**ACTIVITY**
Reproduce the listing below exactly, except for its pictures.

**DATA EXTRACT**
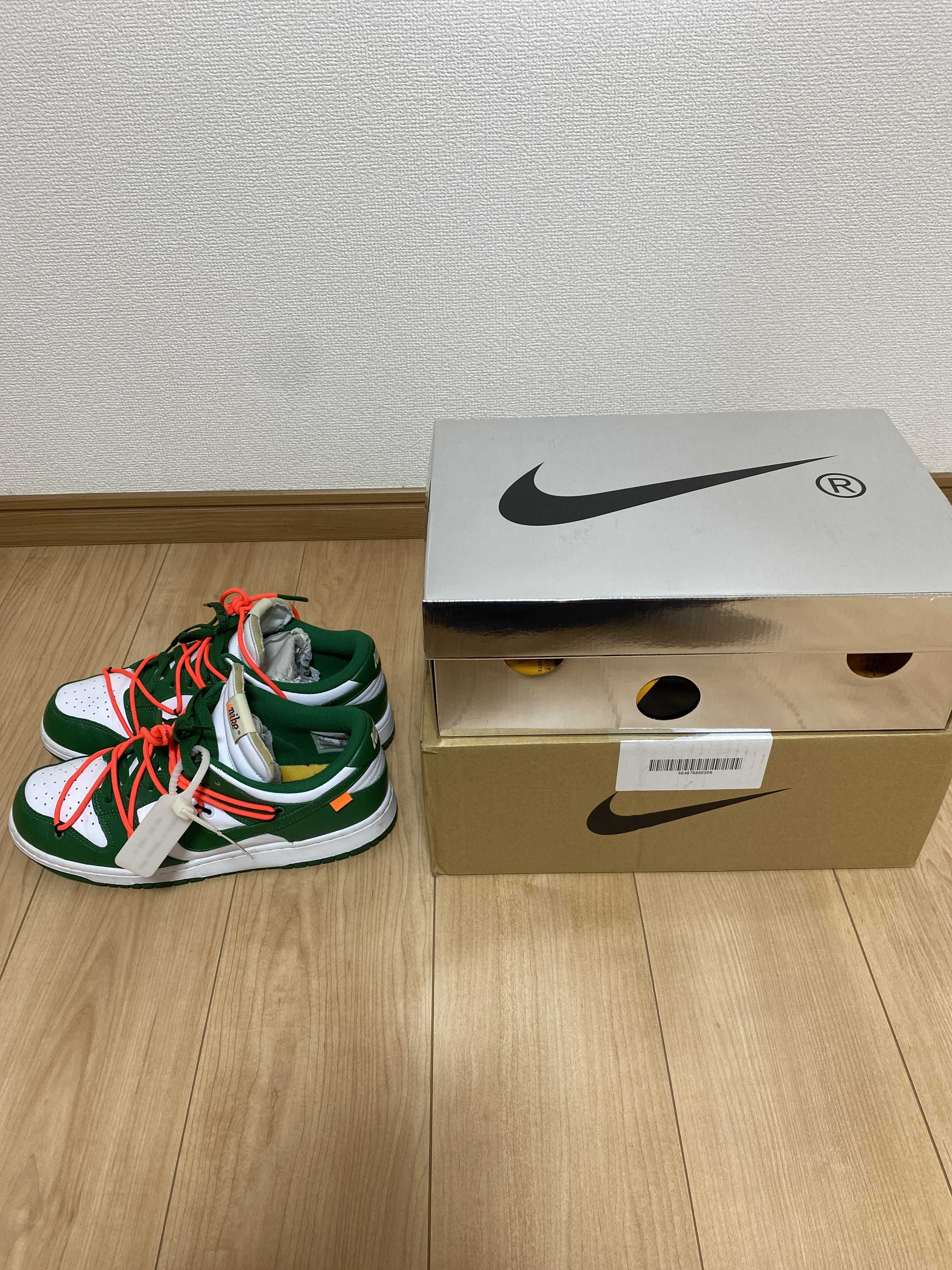 Off-White × Nike Dunk Low "White/Pine Green"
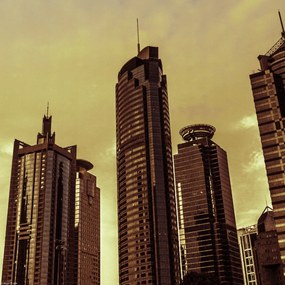 Poszter 30x30cm Panoráma Sanghaj 2, Assaf Frank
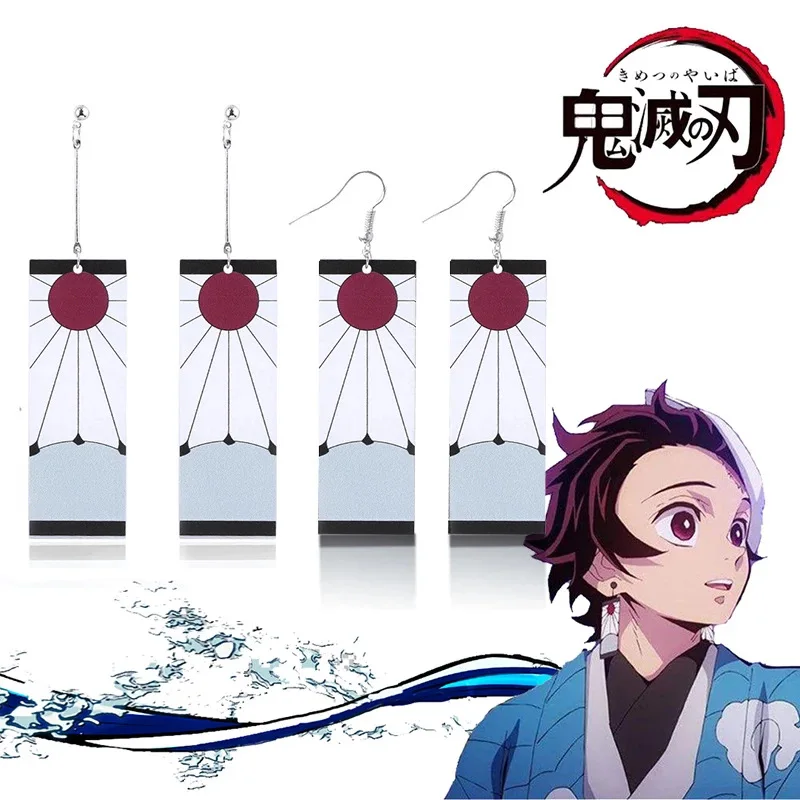 Anime Cosplay Acrylic Demon Slayer Tanjiro Earrings Drop Long Earrings for Women Girls Jewelry Cosplay Accessories Props Gift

**TASK RESPONSE**
 Off-White × Nike Dunk Low "White/Pine Green"
 Poszter 30x30cm Panoráma Sanghaj 2, Assaf Frank
 Anime Cosplay Acrylic Demon Slayer Tanjiro Earrings Drop Long Earrings for Women Girls Jewelry Cosplay Accessories Props Gift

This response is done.